There is a long list of naturally occurring processes in the earth which can serve as time clocks.  Consider the rate of erosion of Niagara Falls.  At about 6 feet per year it is reasonable to calculate that it took about 6000 years to form the 35,000 foot gorge we see today.

Another river based natural time clock is the Mississippi River delta.  Considering its size and rate of sedimentation, its age is determined to be about 4000 years.

The level of concentration of various elements in the earth's oceans is still another example of a natural time clock.  Even with generous allowances for processes that remove these elements from the ocean waters (sink rates), calculations do not yield an earth anywhere near old enough to make evolution a possibility.  These calculations are even so gracious as to assume that the oceans began with none of these elements present.  Depending on the element, calculated earth ages can range as high as 260 million years, but some are lower by several orders of magnitude.  Of course much lower numbers are required if the oceans did not begin as pure water or if the gracious sink rates are too generous.

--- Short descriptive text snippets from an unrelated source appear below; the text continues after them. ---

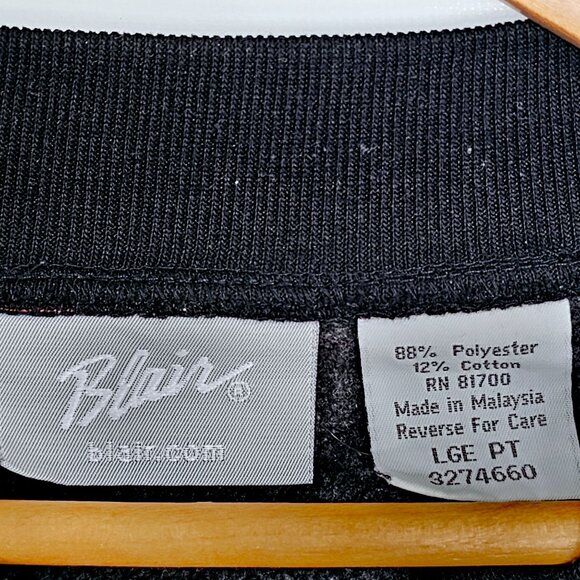 Vintage Blair Womens Leaf Print Snap Front Cardigan Jacket Size L Black ~SW97.16 - Picture 5 of 7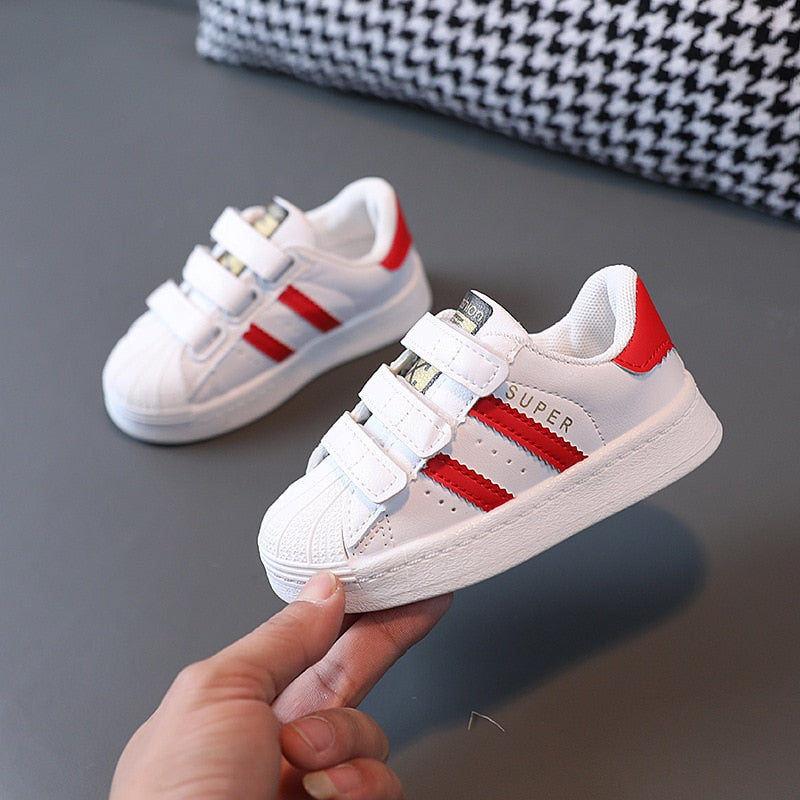 Sneakers Kids Fashion Design White Non-slip Casual Shoes Boys Hook Breathable - GuGuTon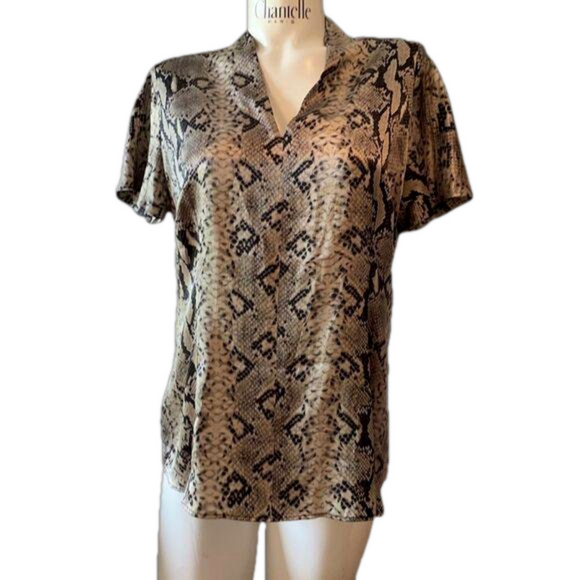 Marina Rinaldi Italy silky V neck animal print short sleeve pull over - Picture 2 of 8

The earth's magnetic field is steadily decaying.  Measurements recorded over the last 160 years demonstrate that the rate of decay is steady over that period, having a half life of about 1400 years.  Calculating back 10,000 years yields a magnetic field 32 times stronger than today.  Such a field would have rendered life on earth a practical impossibility.  Also, no one has yet been able to postulate a  process that might have produced a field of such intensity.

Of course we all know that the earth is cooling as it ages.  Just as a heated rock eventually assumes the surrounding temperature, so the heat in the earth's core is slowly being lost into space.  Where the old earth theory runs into trouble is when this rate of cooling is extrapolated back about 20,000 years.  At that point the earth's temperature would have been high enough to keep everything in a molten state.

These are just 5 examples out of scores of natural time clocks that contradict claims of an earth that is over 4 billion years old.  Each time clock is a process that is observable and measurable, and those processes may be repeated over and over by any one who wishes to do so.  This is good science.  Only a closed mind will cast aside such data.